Islam mengandung ajaran yang berlimpah tentang etika dan moralitas kemanusiaan, termasuk etika dan moralitas politik. Karena itu, wacana politik tidak bisa dilepaskan dari dimensi etika dan moralitas. Melepaskan politik dari gatra moral-etis, berarti mereduksi Islam yang komprehensif dan mencerabut akar doktrin Islam yang sangat fundamental, yakni akhlak politik. Dengan demikian, muatan etika dalam wacana politik merupakan keniscayaan yang tak terbantahkan.

Akhlak politik dalam Islam bermula dari niat dan tujuan memasuki kancah politik. Seorang yang ingin berkecimpung dalam dunia politik, baik sebagai legislatif, yudikatif maupun eksekutif, harus mempunyai niat dan motivasi yang benar. Niat dan tujuan berpolitik menurut Islam adalah: 1. Menegakkan keadilan dan kebenaran; 2. Membela kepentingan rakyat; 3. Menyeru kebaikan (amar ma'ruf) dan mencegah kemunkaran (nahi munkar).

Selanjutnya, akhlak politik dalam Islam, meniscayakan iman dan taqwa sebagai landasan politik yang hendak dibangun. Menjalankan politik tanpa iman dan taqwa, mempunyai implikasi yang riskan bagi pembangunan bangsa. Dalam GBHN sendiri dinyatakan bahwa asas pembangunan nasional adalah iman dan taqwa, termasuk pembangunan politik.

Tanpa iman dan taqwa, seorang figur politik akan mudah terjerumus kepada keputusan dan perilaku politik yang menyimpang. Tanpa iman dan taqwa, seorang politisi akan tega menginjak-injak kebenaran dan keadilan dan membiarkan kemungkaran di depan matanya.
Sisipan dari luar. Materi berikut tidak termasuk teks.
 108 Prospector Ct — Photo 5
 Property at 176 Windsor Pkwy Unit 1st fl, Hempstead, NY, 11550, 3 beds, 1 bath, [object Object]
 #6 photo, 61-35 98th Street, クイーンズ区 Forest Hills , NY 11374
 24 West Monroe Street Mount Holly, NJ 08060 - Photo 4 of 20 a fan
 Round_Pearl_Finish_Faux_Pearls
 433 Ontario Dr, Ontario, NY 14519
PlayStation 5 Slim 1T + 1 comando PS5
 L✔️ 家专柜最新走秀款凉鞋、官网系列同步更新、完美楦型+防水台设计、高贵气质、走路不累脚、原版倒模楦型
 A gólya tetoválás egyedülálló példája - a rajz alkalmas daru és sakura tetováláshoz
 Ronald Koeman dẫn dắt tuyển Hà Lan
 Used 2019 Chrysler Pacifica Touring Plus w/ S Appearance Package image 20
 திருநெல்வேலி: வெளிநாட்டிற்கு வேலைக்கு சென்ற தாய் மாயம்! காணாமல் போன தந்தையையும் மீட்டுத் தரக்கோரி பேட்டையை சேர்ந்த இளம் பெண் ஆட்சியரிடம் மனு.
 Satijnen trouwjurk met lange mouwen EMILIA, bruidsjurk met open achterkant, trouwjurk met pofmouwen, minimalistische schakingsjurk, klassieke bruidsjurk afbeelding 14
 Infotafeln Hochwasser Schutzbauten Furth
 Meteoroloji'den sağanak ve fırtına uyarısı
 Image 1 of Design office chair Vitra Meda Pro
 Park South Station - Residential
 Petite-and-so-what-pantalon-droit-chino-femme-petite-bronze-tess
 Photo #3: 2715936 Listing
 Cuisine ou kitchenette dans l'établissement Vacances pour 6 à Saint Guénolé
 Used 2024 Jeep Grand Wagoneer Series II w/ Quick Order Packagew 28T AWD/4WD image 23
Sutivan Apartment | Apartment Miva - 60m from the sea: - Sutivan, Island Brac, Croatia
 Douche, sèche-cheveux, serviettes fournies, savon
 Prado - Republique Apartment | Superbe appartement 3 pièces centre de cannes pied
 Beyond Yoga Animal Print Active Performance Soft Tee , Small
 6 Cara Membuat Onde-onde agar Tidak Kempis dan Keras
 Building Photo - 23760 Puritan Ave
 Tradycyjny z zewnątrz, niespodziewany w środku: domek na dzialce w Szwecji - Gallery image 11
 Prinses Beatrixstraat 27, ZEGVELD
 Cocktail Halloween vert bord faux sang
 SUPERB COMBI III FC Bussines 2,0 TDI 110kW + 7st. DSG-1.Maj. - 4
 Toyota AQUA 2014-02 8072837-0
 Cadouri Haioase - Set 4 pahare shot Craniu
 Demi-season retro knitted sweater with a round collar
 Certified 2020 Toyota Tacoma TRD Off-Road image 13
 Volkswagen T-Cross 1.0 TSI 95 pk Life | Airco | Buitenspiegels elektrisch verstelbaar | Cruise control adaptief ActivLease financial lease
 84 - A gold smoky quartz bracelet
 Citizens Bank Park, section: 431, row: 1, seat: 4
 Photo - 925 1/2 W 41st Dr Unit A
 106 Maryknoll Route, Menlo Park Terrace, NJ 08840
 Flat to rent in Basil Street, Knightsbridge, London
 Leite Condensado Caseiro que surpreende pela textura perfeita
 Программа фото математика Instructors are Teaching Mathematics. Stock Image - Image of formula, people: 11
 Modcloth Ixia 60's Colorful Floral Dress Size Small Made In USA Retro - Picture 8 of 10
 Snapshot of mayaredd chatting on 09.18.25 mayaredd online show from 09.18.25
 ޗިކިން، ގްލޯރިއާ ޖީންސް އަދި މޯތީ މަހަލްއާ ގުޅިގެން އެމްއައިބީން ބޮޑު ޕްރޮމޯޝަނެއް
Al-Mawardi, ahli politik Islam klasik terkemuka (w.975 M) merumuskan syarat-syarat seorang politisi sebagai berikut: 1. Bersifat dan berlaku adil; 2. Mempunyai kapasitas intelektual dan berwawasan luas; 3. Profesional; 4. Mempunyai visi yang jelas; 5. Berani berjuang untuk membela kepentingan rakyat. Senada dengan formulasi Al-Mawardi tersebut, Ibnu Taymiyah dalam karyanya As-Siyasah Asy-syar'iyah menyebutkan, bahwa pemimpin politik harus mempunyai kualitas moral dan intelektual, adil, amanah (jujur) dan mempunyai kecakapan.

Kutipan di atas mendeskripsikan secara eksplisit tentang kualifikasi seorang pemimpin politik menurut perspektif Islam. Kualifikasi tersebut menyiratkan akan keniscayaan akhlak dalam dunia politik. Di samping itu, seorang politisi, harus mempunyai kesadaran teologis bahwa dirinya berfungsi sebagai khalifah Tuhan di muka bumi untuk melakukan pembangunan dan akan mempertanggungjawabkan kepemimpinannya tidak saja kepada manusia, tetapi juga kepada Tuhan Yang Maha Kuasa. Dalam konteks ini, Nabi bersabda, ''Semua kamu adalah pemimpin dan setiap pemimpin akan diminta pertanggungjawabannya. Seorang politisi adalah pemimpin dan ia akan mempertanggungjawabkan kepemimpinannya.'' (Muslim).